DVD、BD、CDの販売ノウハウってのは、一応テレビゲームの応用でしかない。
あとは、2007年の11月頃、2008年1月に発売さる予定の新作DVDで「みなみけ」のポスターをパートさんが張り替えてたんで「ああ、これ売れるよ」と一言。
それを聞いたパートさんが、いつの間にか多めに発注してたらしい。w
なので、発売日にドンピシャ大成功だったと言っていた。
さらにその後、3期が放映されていて「あ、今度はこれ売れんで」と忠告しておいた。
そしたら、マジで売れなくて、パートさんが「宮本さんが売れないというから、本部の発注本数減らしてもらってて正解でした」と言っていた。
1期、2期は順調に売れてたのだけど。
3期は基本絵柄も変わってしまい、お話もつまらなくなっていたので、売れないと踏んでいたの。
そして2007年に出ていた劇場版エヴァンゲリオンのDVDが発売されて、巷で「無いか無いか?」と大騒ぎになってたらしい。
発売時期的に「なんかおかしい」と直感的に思い、それでパートさんが「再入荷の目途立ってないんですけど、どうします?」と聞いてきたので、ゲーム担当の部下に「ちょっと調べろ」と指示を出したら「宮本さん!わかりました!」と報告にやって来た。

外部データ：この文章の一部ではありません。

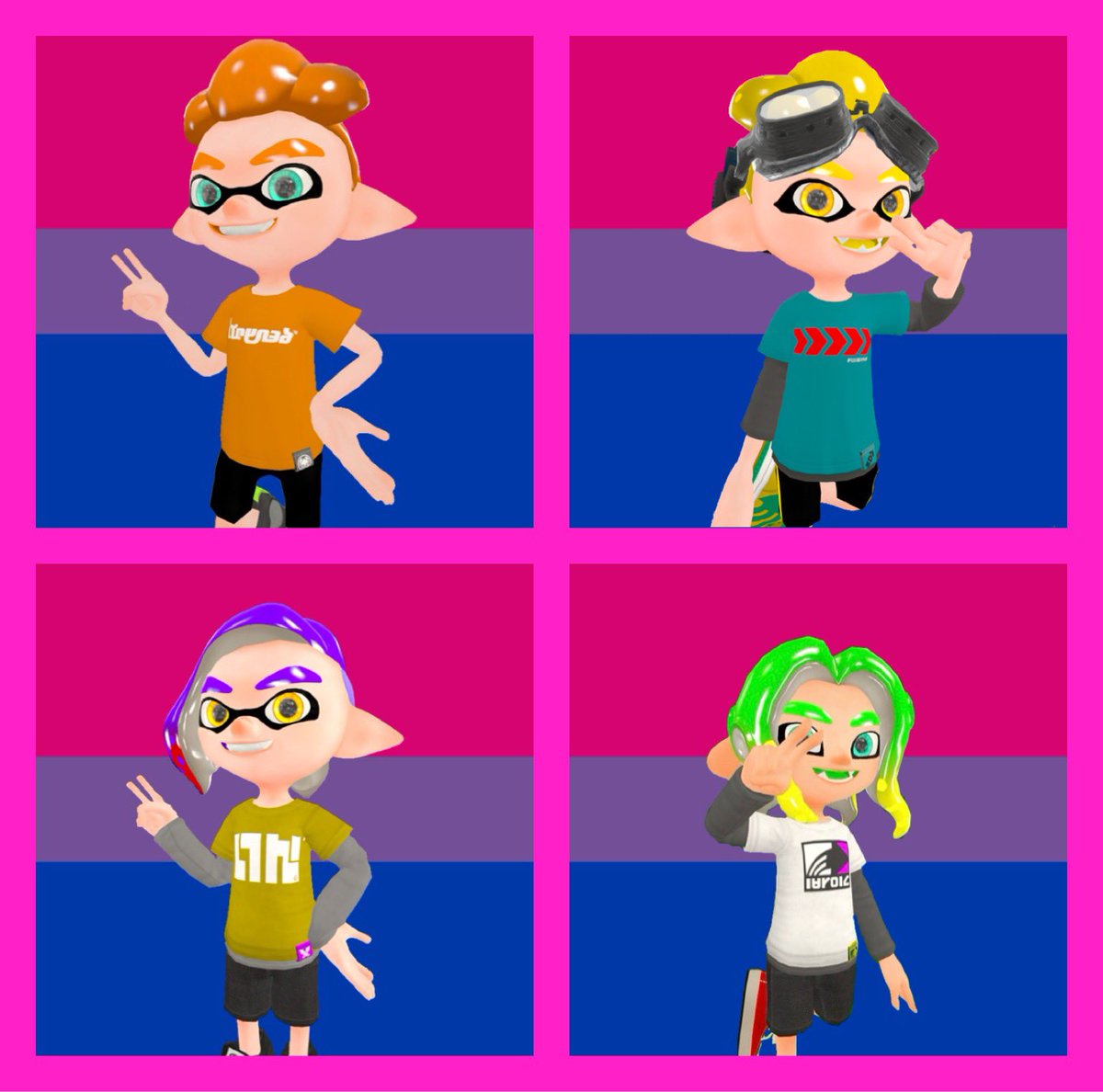 Octo_MoonLight's tweet photo. It’s bi visibility day here are one of my Splatoon ocs who’s bi #Splatoon3 #Splatoon2 #Splatoon #octolinggirl #inklingboy #inktolinggirl #inktolingboy #octolingboy #splatoonphotoedited #inklinggirl https://t.co/d3ZSQoPpf9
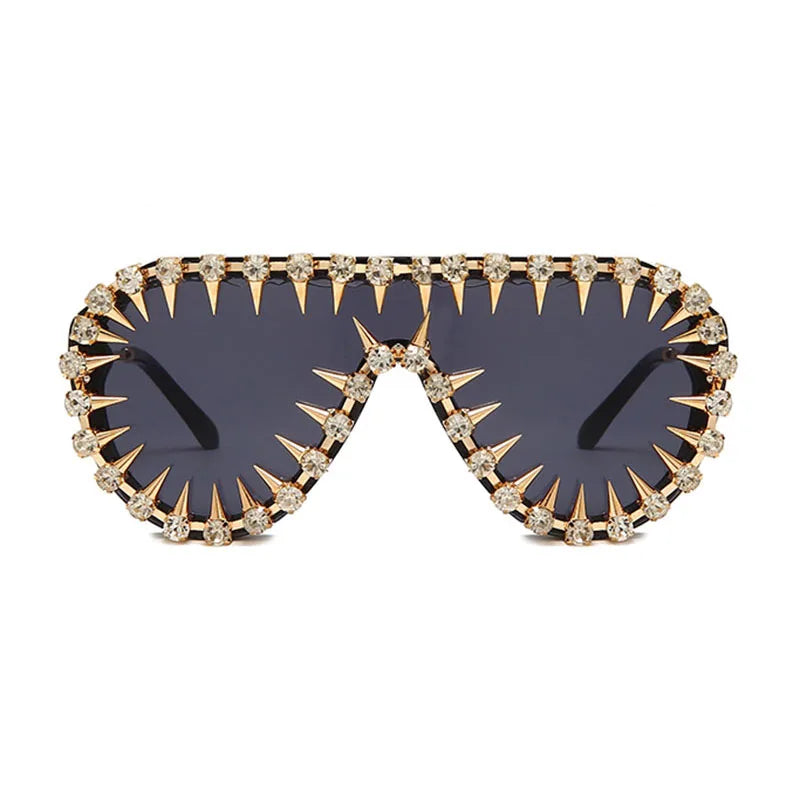 Steampunk Nail Diamond Oversized Sunglasses For Women Luxury Punk Rhinestones One Piece Sun Glasses Men Hip Hop Shades Eyewear
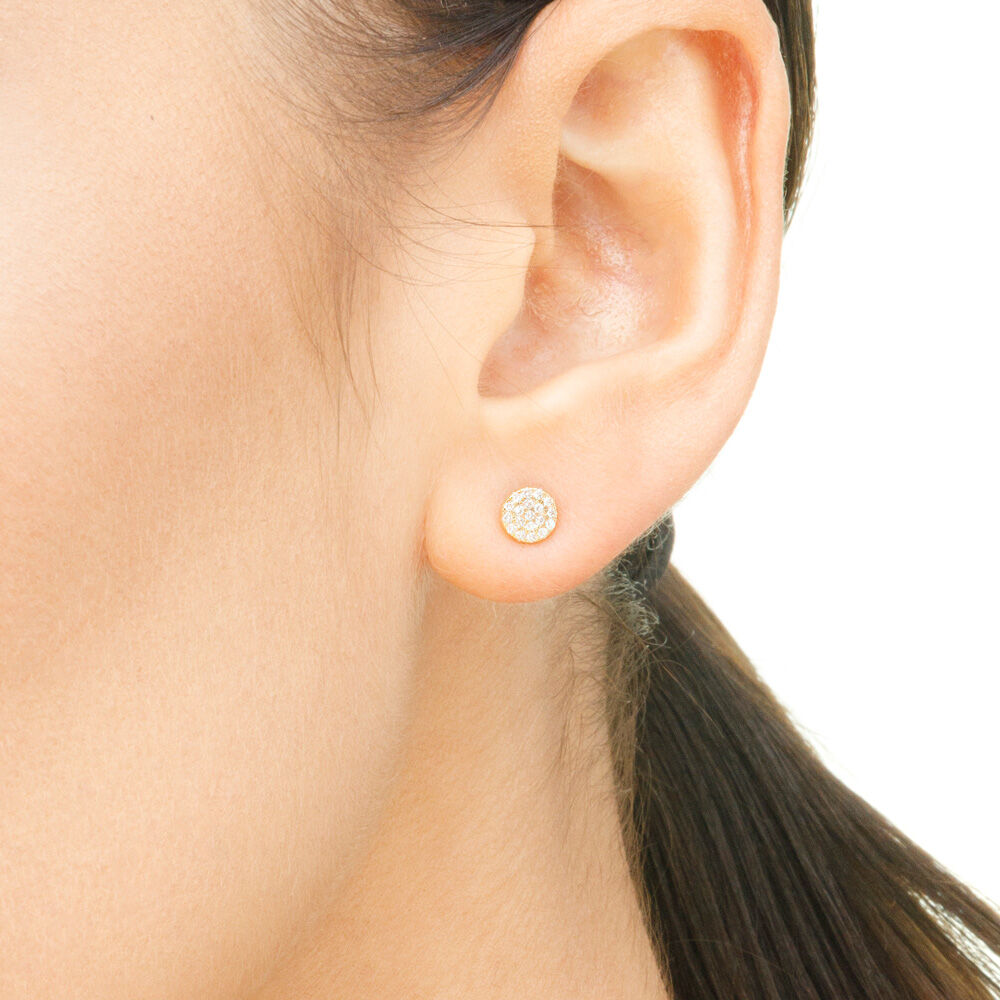 Ohrstecker Pav� mit Diamanten, 18 Karat Gelbgold 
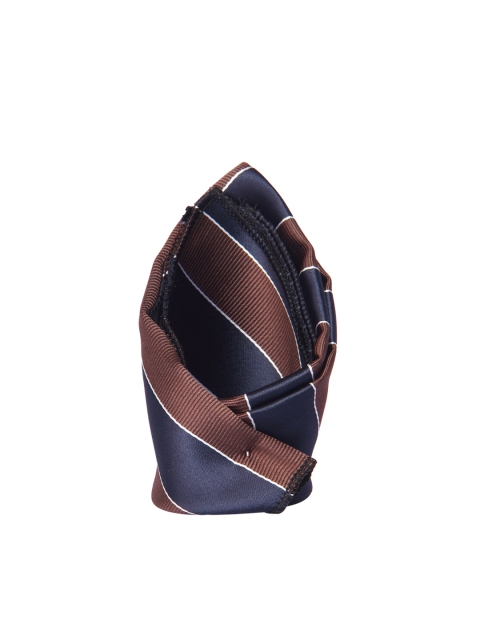 

Tossido Men Brown & Blue Striped Pocket Square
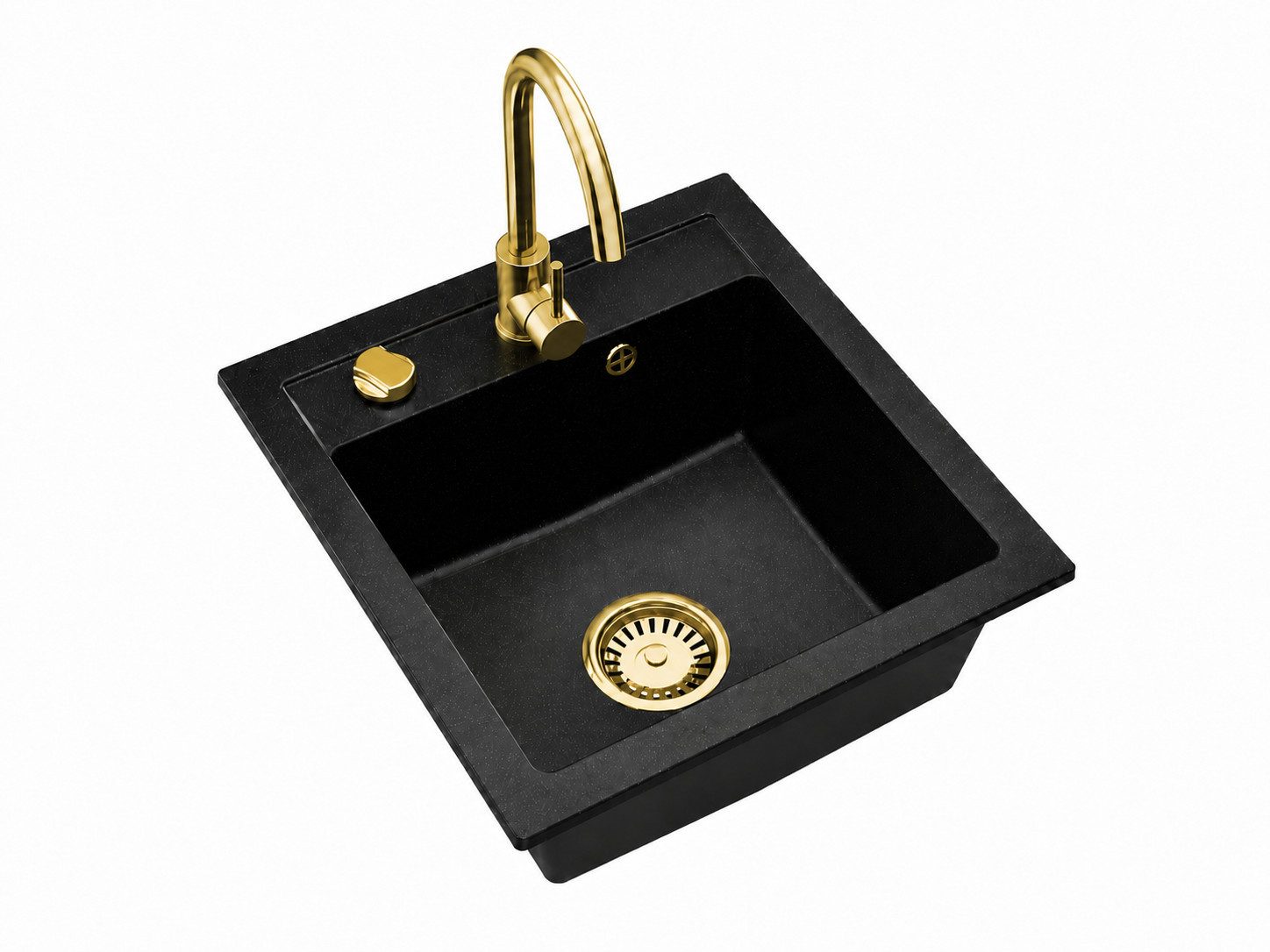 Faizee Möbel Granitspüle Granitspüle 49x52 +Armatur Gold Küchenspüle Spülbecken inkl. Siphon, eckig, 49/52 cm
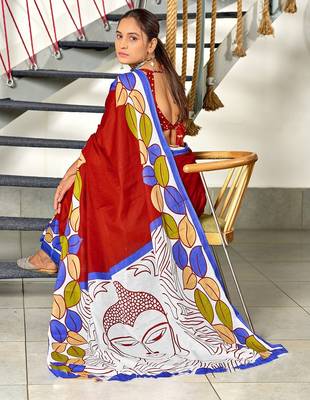 Hand block print mulmul cotton sarees 3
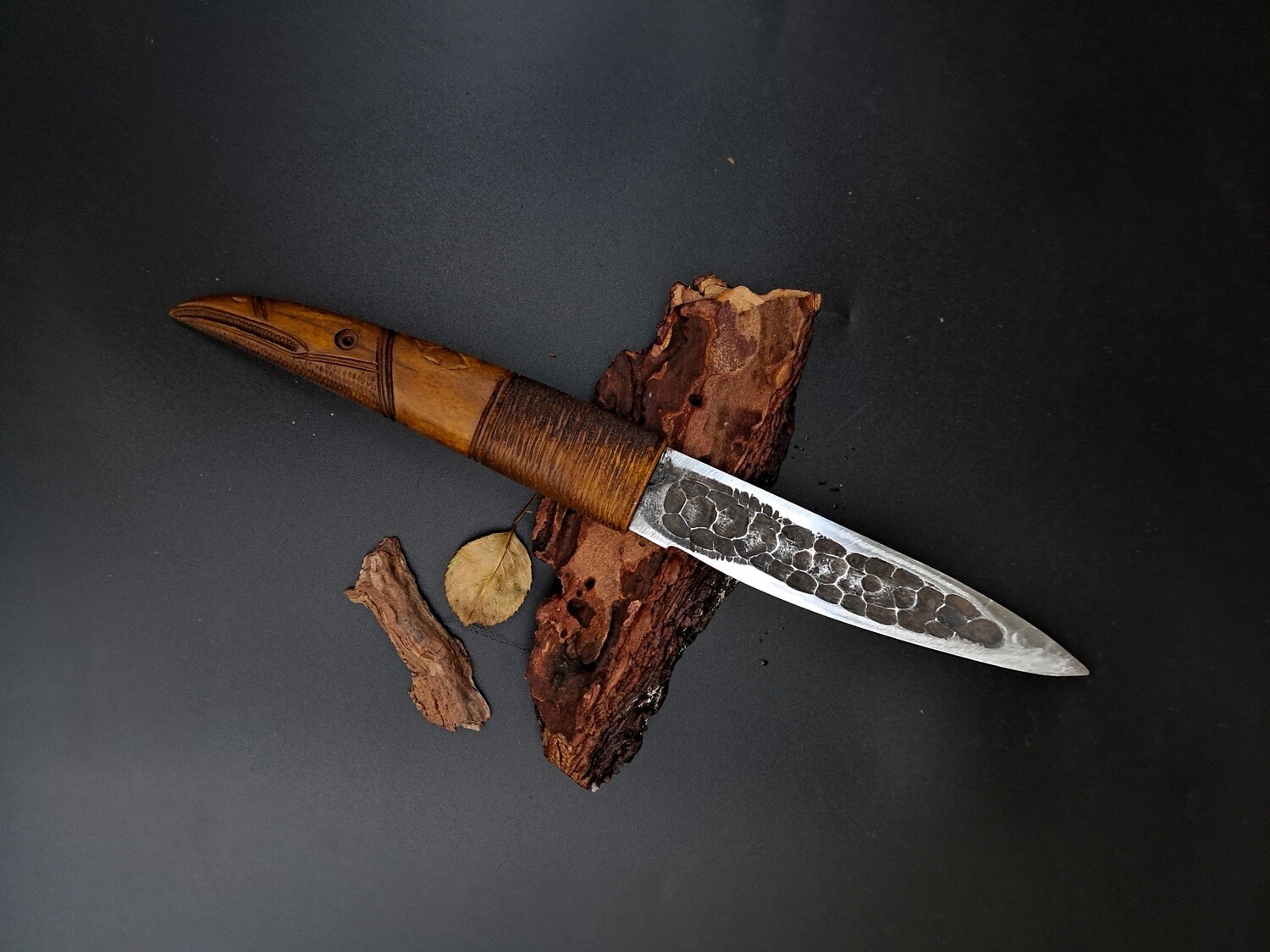 Norse Viking knife No 2 Odin's Raven Pattern, Hand forged, Moose Antlers  Carved Handle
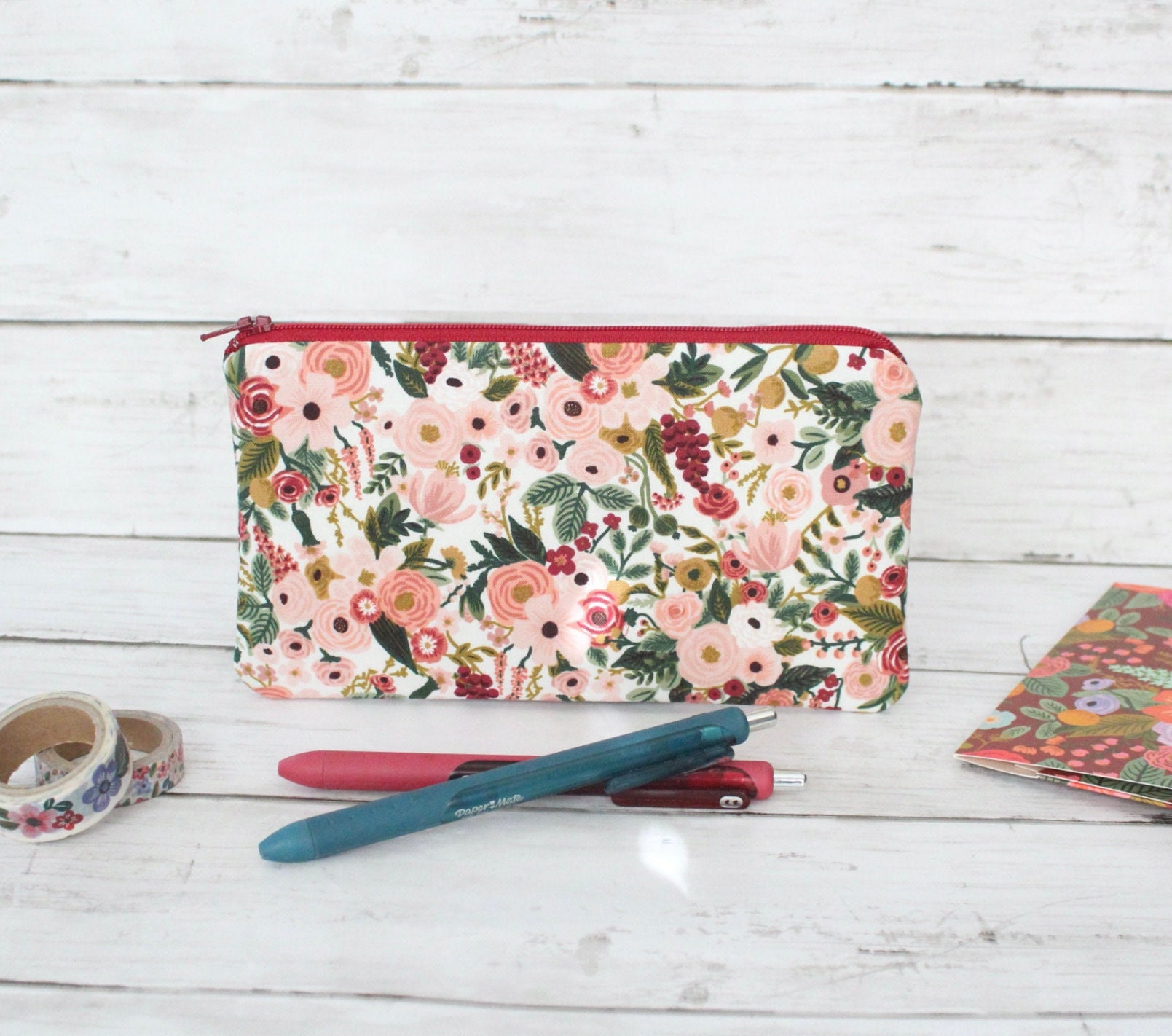 Rifle Paper Co, Strawberry Fields Black, Pencil Pouch, Pencil Case,  Cosmetic Bag 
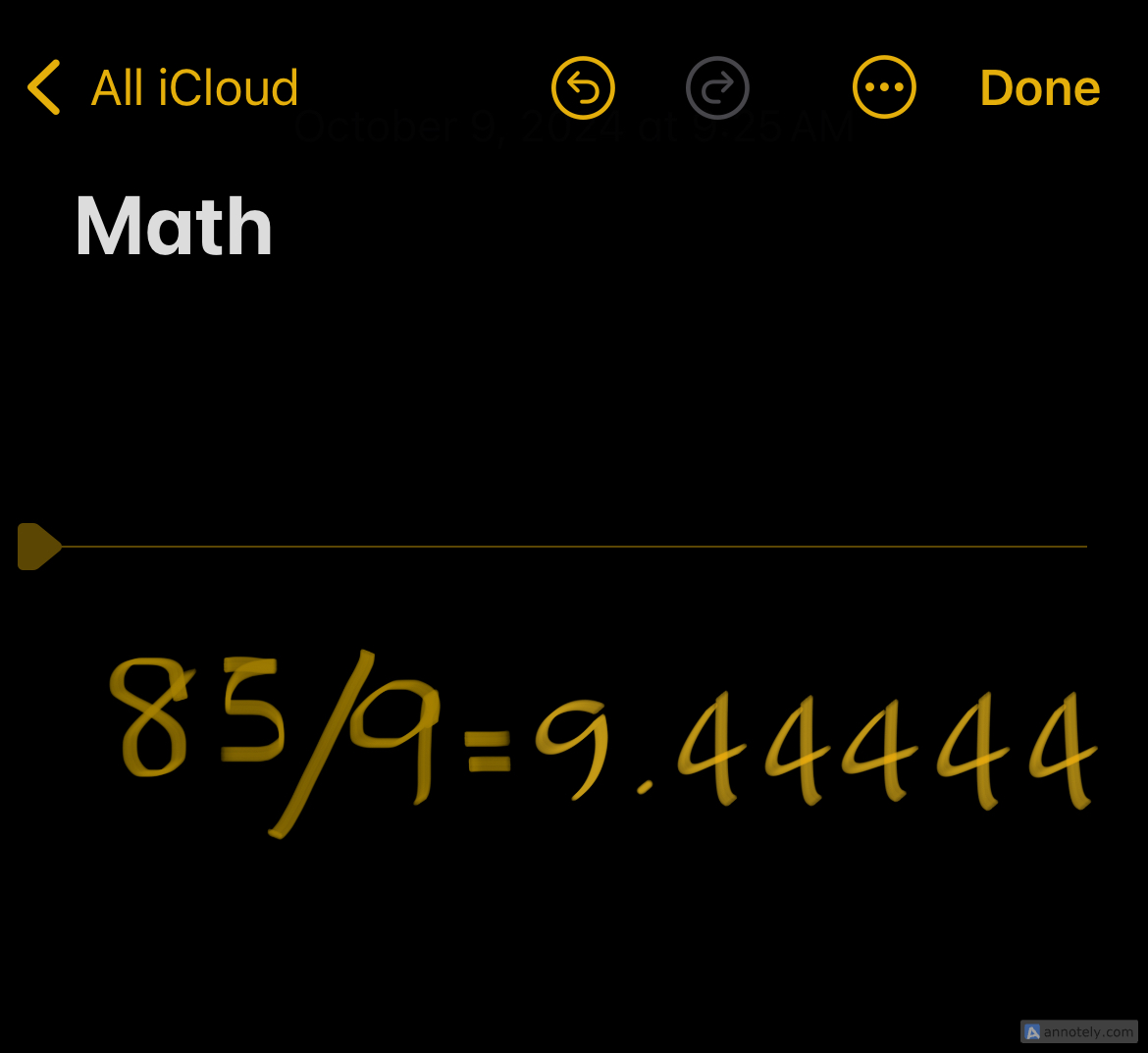 Do math in your math notebook using the pen tool.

「あれは初回特典でセル画がついて来るんですが、何が当たるかわからないそうで、それであたりを探してるみたいです」と。
速攻でパートさんに「追いかけるな」と忠告した。
そしたら、マジで再入荷分から動きが停まった。w
再入荷分にはセル画はついてなかったからだ。
他店は、勢いに任せて再発注かけてたから、余ってたらしい。
僕はこういう形でしかディスク売場に関わっていないのだけど。
指示したことは、キッチリ守ってくれるパートさんのお陰で、かなり良い数字が残せた。